**Activity**
Please retype the entries below word for word, passing over every picture.

**Material shown**
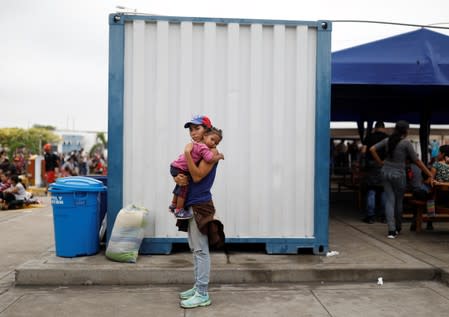 The Wider Image: Venezuelan mothers, children in tow, rush to migrate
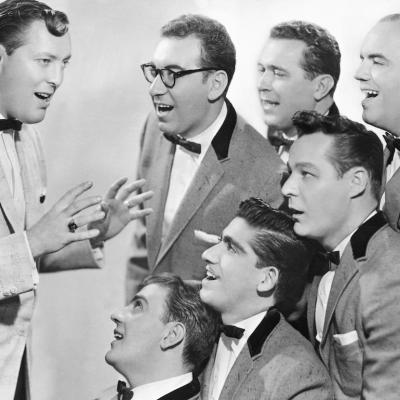 Bill Haley & His Comets sing in matching tuxedos.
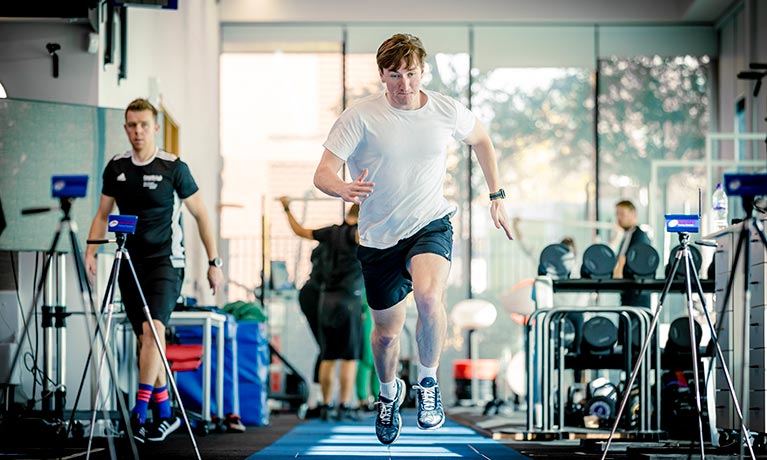 Young male running in a gym environment filled with people working out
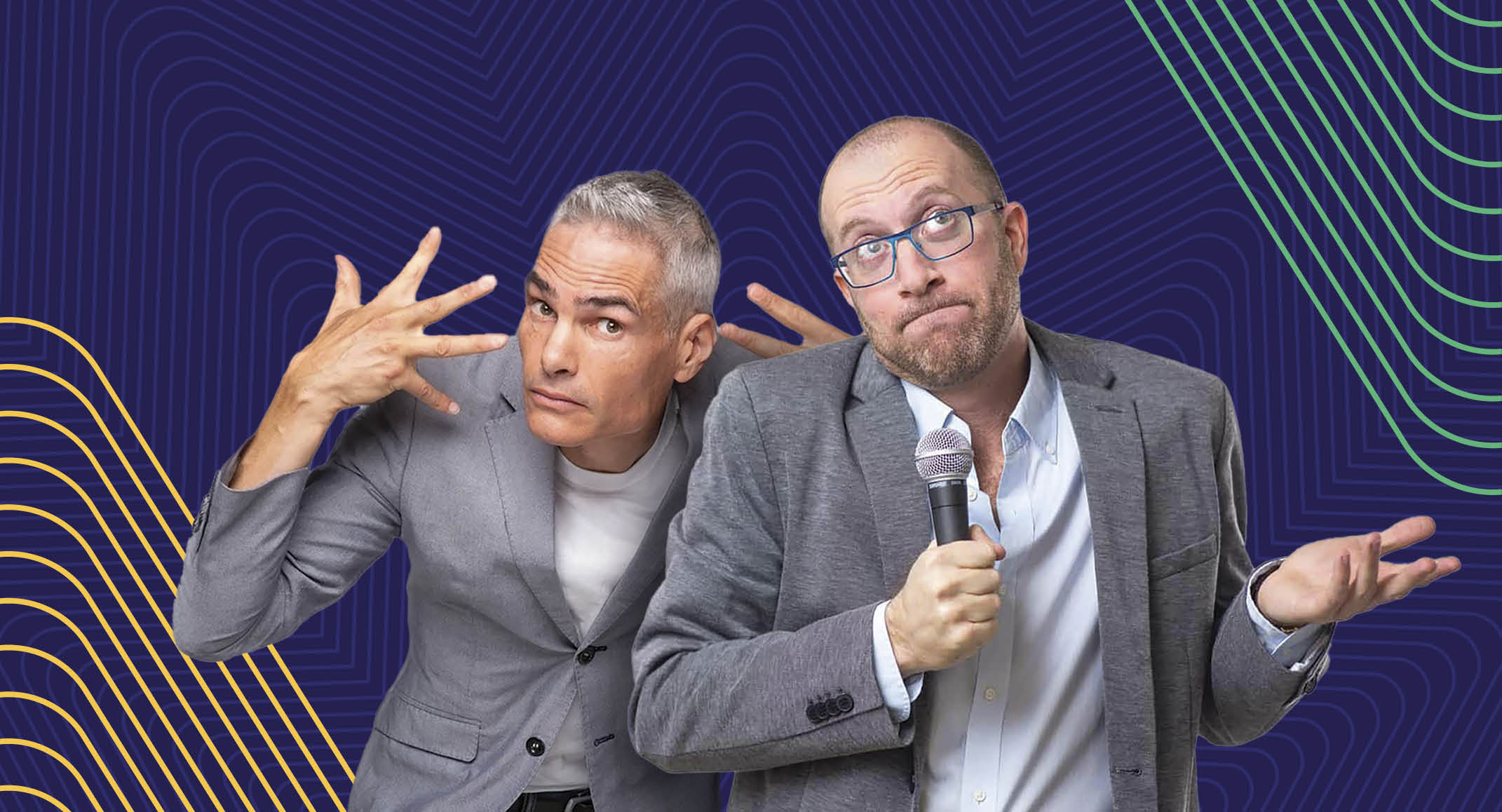 Two men in gray blazers stand in front of a blue background with geometric patterns. One man gestures animatedly with his hands, while the other holds a microphone and gestures with a shrug.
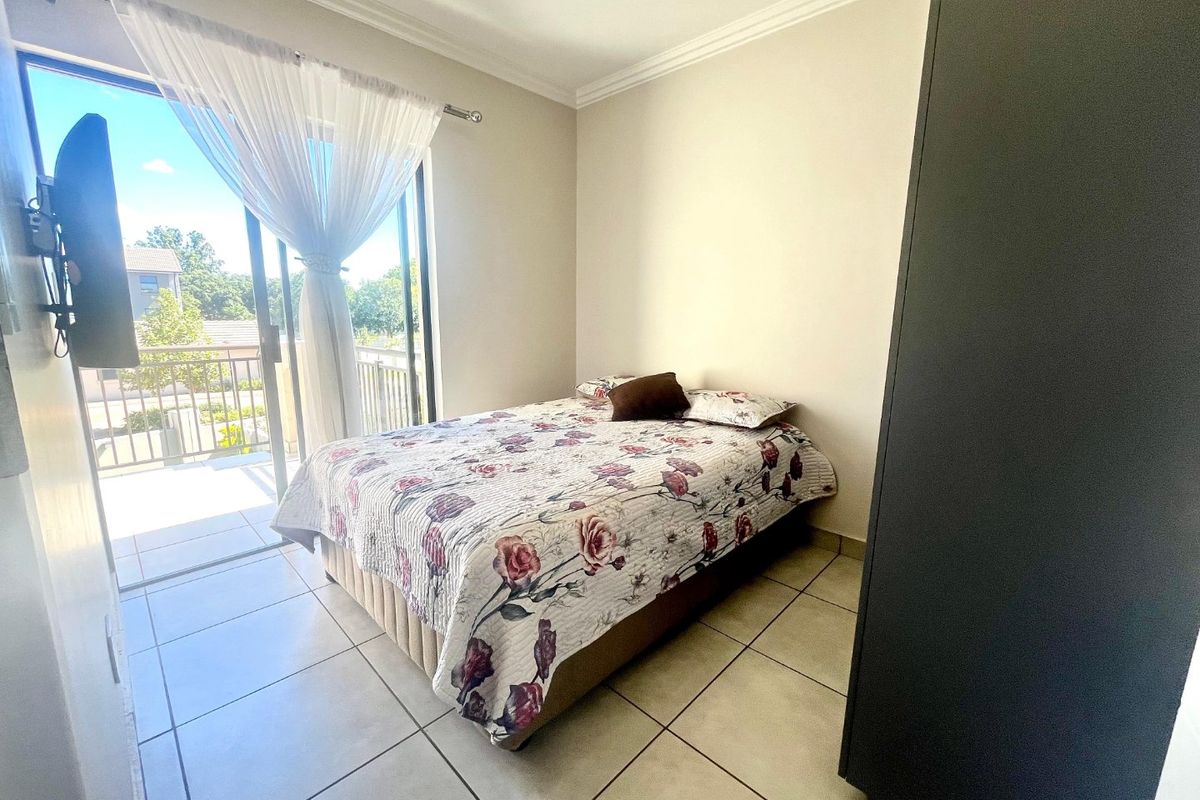 A bedroom featuring tiled flooring, crown molding, and a sliding glass door providing direct access to a private balcony.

**Reply**
 The Wider Image: Venezuelan mothers, children in tow, rush to migrate
 Bill Haley & His Comets sing in matching tuxedos.
 Young male running in a gym environment filled with people working out
 Two men in gray blazers stand in front of a blue background with geometric patterns. One man gestures animatedly with his hands, while the other holds a microphone and gestures with a shrug.
 A bedroom featuring tiled flooring, crown molding, and a sliding glass door providing direct access to a private balcony.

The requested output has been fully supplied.